Article 2.2              Sale of Committed Gas. From and after the In-Service Date, subject to Article 4.5, Seller agrees to sell and deliver to Buyer at the Receipt Points all Committed Gas.  From and after the In-Service Date, subject to Article 4.5, Buyer will receive and purchase from Seller at the Receipt Points each Day all Committed Gas delivered by Seller in accordance with this Agreement, on a Firm basis.  If Buyer is unable to receive from Seller at the Receipt Points each Day all Committed Gas delivered by Seller in accordance with this Agreement, Seller shall have the right to find an alternative market and such Committed Gas shall be released from the Dedication as provided in Articles 2.3 and 2.4 below.

 

 2 

** Text Omitted and Filed Separately Confidential Treatment Requested Under 17 C.F.R. §§ 80(b)(4) and 240.24b-2

 

Article 2.3              Temporary Release. Notwithstanding anything herein to the contrary, and in addition to any other remedies that Seller may have under this Agreement, at any time after the In-Service Date when Buyer curtails or is otherwise unable to accept all of Seller’s deliveries of Committed Gas for any reason, and there exists no uncured material breach of this Agreement on the part of the Seller, the volumes affected will be, and are hereby, released from this Agreement for a period of time corresponding with Buyer’s curtailment or inability to otherwise accept Seller’s deliveries, and Seller will be free to dispose of such affected volumes under other arrangements for such period.
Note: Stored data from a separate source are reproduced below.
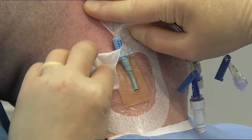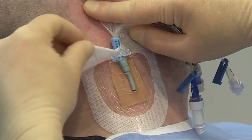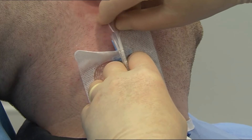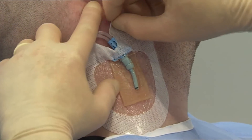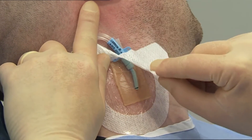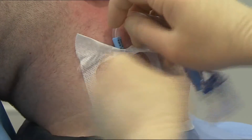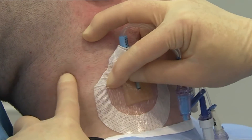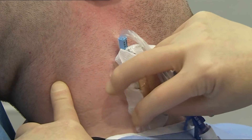Separate the soft cloth section from underneath the lumen and slowly peel the dressing from the skin towards the insertion site using a low and slow technique. You may find it useful to fold the soft cloth in on itself. Keep removal low and slow. Do not pull the dressing straight up from the skin as this can cause potential skin trauma.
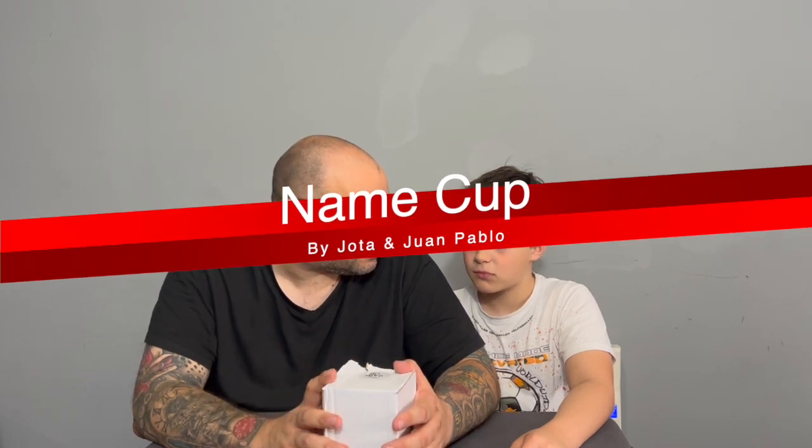Next up we have Name Cup by Jota and Juan Pablo. We like most of Jota's stuff — we didn't think that effing card was any good, but most of his work we really like. And honestly, this is another hit. If you haven't seen Name Cup, Rylan's going to do a performance. The key thing about it is it's very adaptable — you'll see what we mean when we talk about it after the performance.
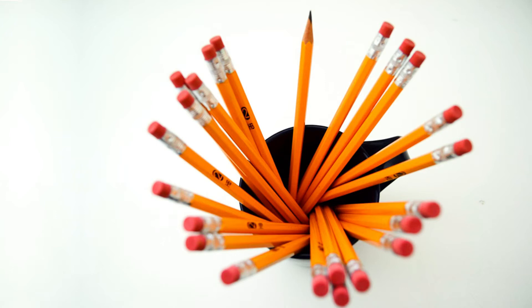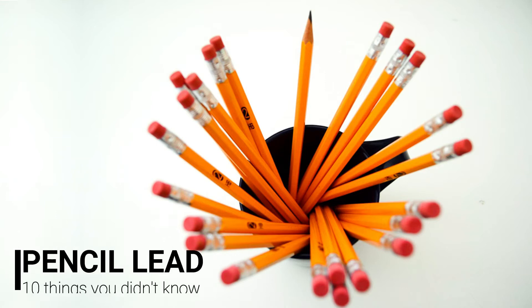Hello everyone, this is Eikens here, and today we're going to talk about 10 things most people probably don't know about the pencil lead.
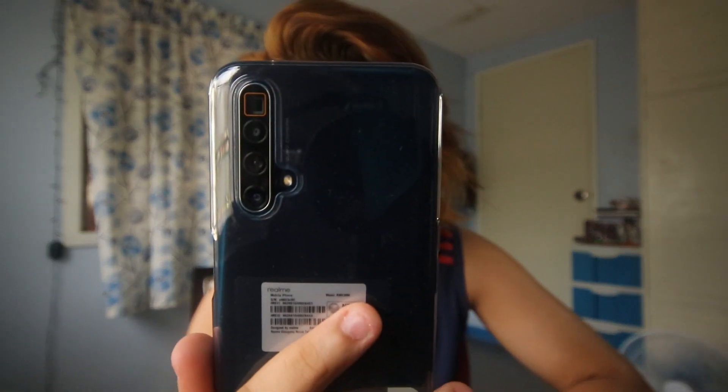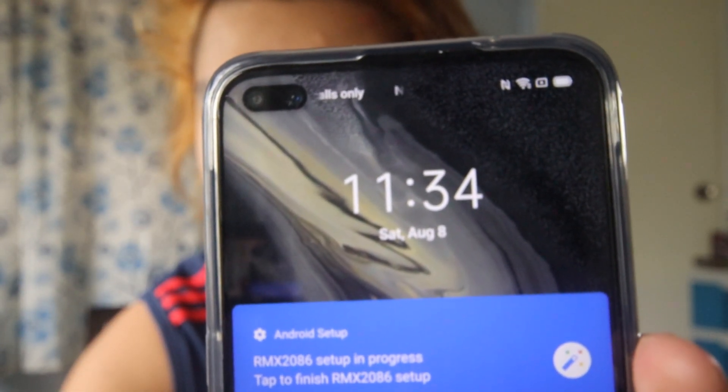Now let's review the phone — how it performs for gaming, as a content creator, and overall. On the back you have the quad camera. The front camera is on the front display. On the right side is the power button, on the left side is the volume button, and on the bottom is the speaker and charging port.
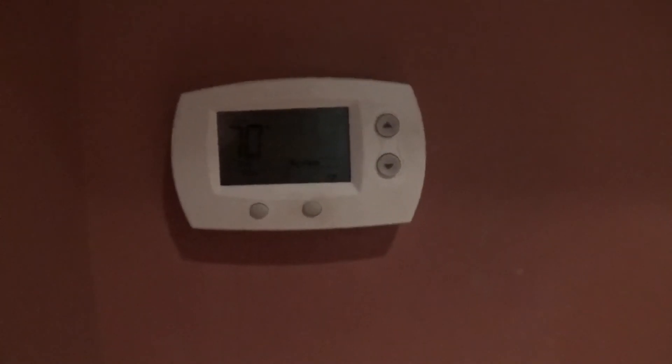That was the first startup of my 2008 Goodman heat pumps in heat mode for heating season 2022-2023 on Friday, September 30th, 2022. I might fire it back up later today depending on if it gets chilly enough. I'll see you next time.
At such time as receipts and deliveries of Committed Gas are no longer interrupted or curtailed, Buyer may resume receipts of released volumes only upon thirty (30) days’ advance written notice as of the beginning of a month unless otherwise agreed.

 

Article 2.4              Permanent Release. Notwithstanding anything herein to the contrary, and in addition to any other remedies that Seller may have under this Agreement, at any time after the In-Service Date, Committed Gas dedicated and committed to Buyer under this Agreement shall be permanently released from the Dedication as follows:

 

(a)               in the event that the Gathering System has insufficient capacity to receive and handle all of the Committed Gas dedicated and committed to Buyer under this Agreement or Buyer is otherwise unable or fails to receive such Committed Gas or fully perform the services under this Agreement and there exists no uncured material breach of this Agreement on the part of the Seller, for a period of at least [**] Days or [**] Days [**] Day period, and such inability is not due to a Force Majeure declared by Buyer, then at Seller’s option and upon written notice to Buyer, Seller shall be granted a permanent release from Dedication to this Agreement of the affected Interests and wells, from which Buyer cannot receive and handle such Committed Gas or perform the services, and all of such Committed Gas produced and producible therefrom. In the event that the Gathering System has insufficient capacity to receive and handle all of the Committed Gas dedicated and committed to Buyer under this Agreement or Buyer is otherwise unable or fails to receive such Committed Gas and/or fully perform the services, and there exists no uncured material breach of this Agreement on the part of the Seller, for a period of at least [**] Days [**] Days [**] Day period and such inability is due to a Force Majeure declared by Buyer, then at Seller’s option and upon written notice to Buyer, Seller shall be granted a permanent release from Dedication to this Agreement of the affected Interests and wells, from which Buyer cannot receive and handle such Committed Gas or perform the services, and all of such Committed Gas produced and producible therefrom;

 

(b)               at Seller’s option and upon written notice to Buyer, in the event that Seller elects to exercise its rights to a permanent release as provided in Article 6.4; and

 

(c)               at Seller’s option and upon written notice to Buyer, in the event that Seller elects to exercise its rights to a permanent release as provided in Section VI of Exhibit A.

 

At the request of Seller, the Parties shall execute a release reasonably acceptable to Seller (which, in the case of a permanent release, shall be in recordable form) reflecting the release of any Receipt Point(s), wells, Interests or Committed Gas released from Dedication hereunder.

 

Article 2.5              Covenant. So long as this Agreement is in effect, this Agreement will: (i) be a covenant running with the Interests now owned by Seller or hereafter acquired (that become subject to this Agreement) by Seller within the Dedicated Acreage, and (ii) be binding on and enforceable by Buyer and its successors and assigns against Seller and all subsequent owners, successors and assigns of all or any part of such Interests in the Dedicated Acreage. Seller will cause any conveyance by it of all or any Interests (or Committed Gas) in the Dedicated Acreage to be made expressly subject to this Agreement, and to cause such transferee to execute a written instrument in a form reasonably satisfactory to Buyer acknowledging such transferee’s obligations and rights under this Agreement. Notwithstanding the foregoing, Seller shall be permitted to sell, transfer, convey, assign, grant, or otherwise dispose of any Interest in the Dedicated Acreage free of the dedication and commitment hereunder (i) in a transaction in which undeveloped Interests within the Dedicated Acreage are exchanged for other Interests located in the Dedicated Acreage that would become subject to dedication and commitment hereunder, and (ii) in a sale (or a series of sales) of undeveloped Interests within the Dedicated Acreage in which the total net acres sold does not exceed [**] percent ([**]%) of the total net acres dedicated and committed under this Agreement.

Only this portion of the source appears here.